Shekh abdul qodir jaelani membenarkannya
dengan berkata =Na’am= yang sedemikian
itu sebenarnya bahwa Beliau melihat Allah. dengan mata hatinya (Albashiru)
nur cahya yang maha agung lalu tembus dari penglihatan hatinya itu
kepenglihatan matanya ( Berlawanan
dengan kebiasaan umum) maka melihatlah matanya itu dengan matahatinya yang
berupa dua sinarnya dengan nur cahya penglihatan matanya maka menyangkallah dia
bahwa matanya itu melihatnya, karena yang sebenarnya ia telah melihat dengan hatinya (Albashiroh)
yang dikiranya ia melihat dengan matanya (Albashor)
Para ahli tashauf mengambil
kesimpulan diantaranya :
Waidzastaulair ruhaniyatu ‘alal basyariyyatin ‘akasa
nazhorul bashoru ilal basyiroti falal yaraul basharu ilal ma’anillati kaanat
tarohal bashirohu.
Artinya : apabila ruhaniyah telah menuruti /
berkuasa atas indra raga (Albasyariyah) maka baiklah mata (Albashor)
kedalam penglihatan hati sanubari (Albashoriyah) maka tetkala itu
tiadalah penglihatan mata kecuali yang dipahami (Alma’ani) yang menjadi
langan penglihatan mata adalah sesuatu yang nampak - nampak saja,
Adapun dimasa saidina ‘ali r.a
adapun orang yang datang bertanya :
Tentang dimana tuhan ?
Pertanyaan yang mengandung setengah ejekan itu
menimbulkan berubah mukanya Saidina ‘ali yang sangat beliau terdiam, lalu
berkata kepada orang penanya itu : ada menanyakan Dimana Allah itu berarti petanyaan tentang hal
tempat, dengarkanlah :
Wakanallahu
wala makanu . tsumma kholaqozzamani walmakana ana kama
kana duna makanin walazamanin .
Artinya : adalah Allah itu tidak bertempat,
kemudian Allah menciptakan waktu = masa=zaman=dan ruang=tempat.

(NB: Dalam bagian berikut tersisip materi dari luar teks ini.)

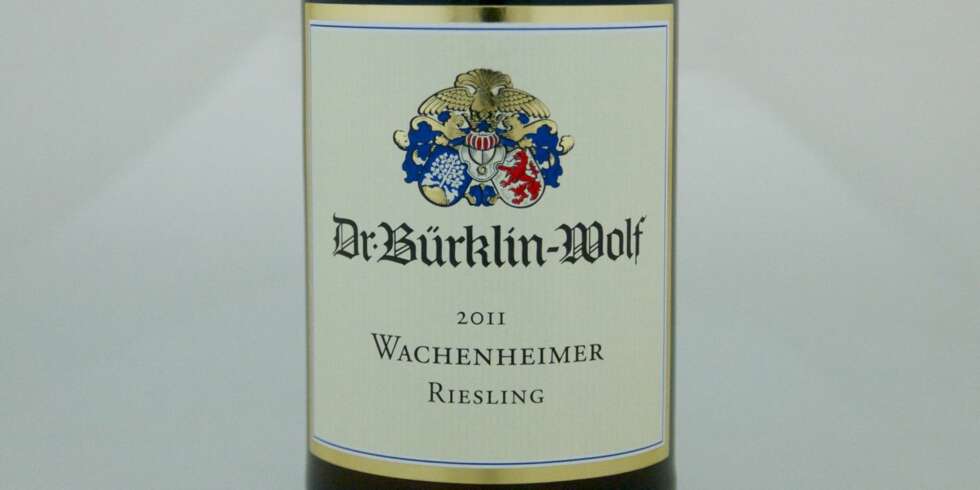 PASSER TIL RIBBE: Dr. Bürklin-Wolf Wachenheimer Riesling 2011. PASSER TIL RIBBE: Dr. Bürklin-Wolf Wachenheimer Riesling 2011.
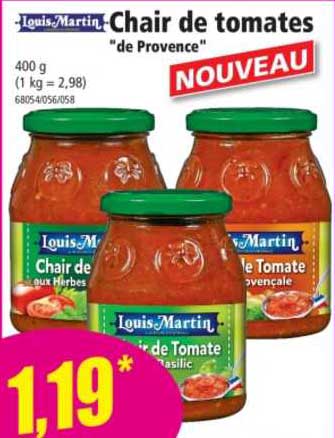 louis martin chair de tomates "de provence"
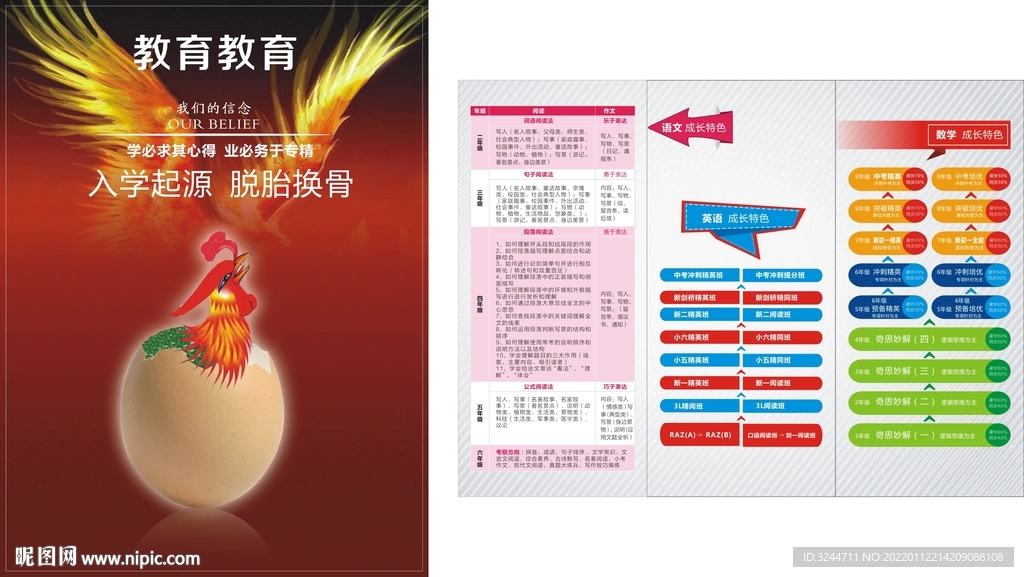 教育培训宣传页单页设计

Bahwa itu tetap itu juga sebagai keadaannya yang kekal tiada oleh dikuasai
segala ruang dan waktu.
Didalam alquranul kariim terdapat firman Allah ta’ala :
Bismillahirrohmanirrohiim : Arrohmanu ‘alal ‘arsyisy tawa (
thoha .5 )
Artinya : yaitu tuhan yang maha pemurah bersemaam diatas
‘arsy sama dengan nada ayat lain :
bismillahirrohmanirrohiim : Tsummas tawa ‘alal ‘arsyi
Artinya : lalu tuhan bersemayam diatas ‘arsy
Maka perihal bersemayamnya Allah diatas ‘arsy tersebut
imam maliki berkata yang dimaksud garis besarnya bahwa bersemayam diatas
arsy ialah suatu Shifat Allah yang wajib kita imani mengingat kemaha
besaran Allah dan kemaha sucian .
Alistiwau ma;lumun walkaifu majhulun walimanu bihi
wajibun wassualun ‘anil kaifiyyati bid’atun idzlaya’lamu kaifiyyatu ustiwaituhi
illa hwua.
Artinya : bahwa istiwau / persemayaman tuhan itu fositif
sedangkan selukbeluknya adalah negatif. dan mengimaninya wajib
sedangkan mempersoalkannya / memperbincangkannya tentang selukbeluknya adalah bid’ah,
karena tidak ada yang mengetahui selukbeluk tempat persemayamannya tuhan itu
melainkan hanya Allah jua.
Beberapa pendapat : qaum
mutazilah dan zahimiyah. berpendapat bahwa tuhan tidak bisa dilihat baik
didunia maupun diakhirat berpegang pada penafsiran mereka atas .ayat Alquran.
Latudrikuhul Abshoru (Al’an’Am 103)
Artinya : tuhan tidak dapat dicapai oleh penglihatan (mata)
Kedua :
pendapat ahli sunah beberapa pendapat bahwa tuhan hanya dapat dilihat diakhirat
berpegang pada penafsiran mereka atas Alquran.
Wujuhu yaumaidhin nadhiroti. Nadhirotun (Alqiamah .
22)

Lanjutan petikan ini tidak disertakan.